この半減期,原子によって異なるといいましたが,炭素の場合は,5730年です.つまり,5730年経つと,元の放射性同位体の量が半分になります.さらに5730年経つとそのまた半分になるわけですね.つまり,元の量と現在の量がわかれば,何年経過したのかがわかるわけです.これが放射性同位体による年代測定で,下の質問にも関連しますが,何年前という数字が出てくる理屈です.

話を元に戻します.質問にあった半減期ではダメなのか,に対する答えです.この質問を言い換えると,38億年前の炭素が生物起源かどうかを知るのになぜ13Cと12Cの同位体比を利用し,14Cの半減期を用いた放射年代法を使わないのか?となると思います(私が質問を誤解していたらごめんなさい).

この質問に関しては,放射性同位体の量をいくらはかったところで,それが生物起源か否かの答えがでません.でるのは年代ばかりです.一方,13Cと12Cの同位体比は,炭素の起源を推定することに使え,その炭素が何から(例えば火山ガスなのか?メタンなのか?生物の体なのか?)由来したかを推定することが出来ます(細かく言えばいろいろ問題もありますが).

これで答えになったかな.

そうだ,一つ忘れていました.そもそも,14Cの半減期は数億年とかいう長大な時間スケールに対してはあまりに短くて,そもそも年代測定に使えません.数億年スケールの年代測定にはウランなどの数億年以上の半減期を持つ放射性同位体を利用する必要がありますが,グラファイトにはウランなどの原子は入っていません.

※下の質問への回答も参考にしてください.

生物の起源や存在の可能性については今日わかったが,今一番の疑問なのが,どうして○○億年前というような推定ができるのか?その時間の基準がとても知りたい.また,地球誕生などがどうしてくわしく推測できるのか気になる

これもいい質問です.

どうして38億年とかそういう年代がわかるのか.不思議ですよね.

まず,年代には「相対年代」と「絶対年代」があります.相対年代というのは,白亜紀とかジュラ紀とか,第四紀とかです.この時代の定義自体には,基本的に,○○年前とか,そういう数字上の年代は決められていません.その地層から産出する化石の種類によって白亜紀とかジュラ紀とかが決まっています(ただし先カンブリア時代については異なるので注意が必要).
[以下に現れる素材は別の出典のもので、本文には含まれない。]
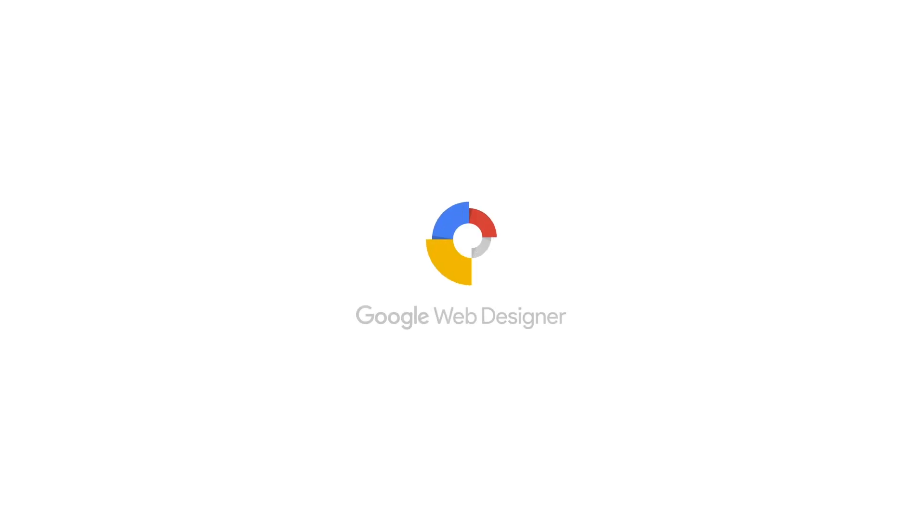That's it for animated GIFs in Google Web Designer. Thanks for watching. I'll see you in the next video.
一方,数字で年代を表しているのが絶対年代です.この数字はどこから出てくるかというと,上の質問に書いたとおり,放射性同位体を調べることで年代を推定できます.上に書き忘れましたが,現在の量は測定すればわかりますが,元の量はどうやって調べるのかという問題があります.これはいろいろ便利な仕組みがあって,元の量もわかることになっています.これについては,また今度解説します.そういうわけで,古い岩石の中に含まれる放射性元素を調べると,○○年前というのがわかります.

※上の質問への回答も参考にしてください.

もう少しゆっくり話してください.

もう少ししゃべるスピードを遅くして欲しいです

なるべくゆっくり話そうと心がけているのですが,ついつい早口になってしまいます.気をつけます.

このプリント(毎回実施のミニテスト)をはじめの方に配って欲しいです.

今日は配るのを忘れてしまいました.通常は授業の真ん中ぐらいに配るようにしています.

パワーポイントをもう少しゆっくりお願いします.

はい.

部屋が暑いです.

私もいつも暑いです.立ってずっとしゃべっているからだと思っていたのですが,部屋が暑いのですね.暑いと思ったら遠慮なくエアコンの設定温度を下げるか,窓を開けるかしましょう.省エネも重要ですが,快適に勉強することも重要です.

パワポの資料の字が細かくよみづらい.

なるべく大きな文字を使うようにしますが,できるだけ前のスクリーンのそばに座ってください.

(評価での)出席,テスト,レポートの点数の比率は?

ほぼ均等に割り振る予定ですが,厳密なものではありません.最終的な結果を見て総合的に判断します.毎回の授業で出しているミニテストみたいなものについても,どれくらいきちんと書けているかを見ます.良く書けていたり,良い質問をしていれば加点の対象になります.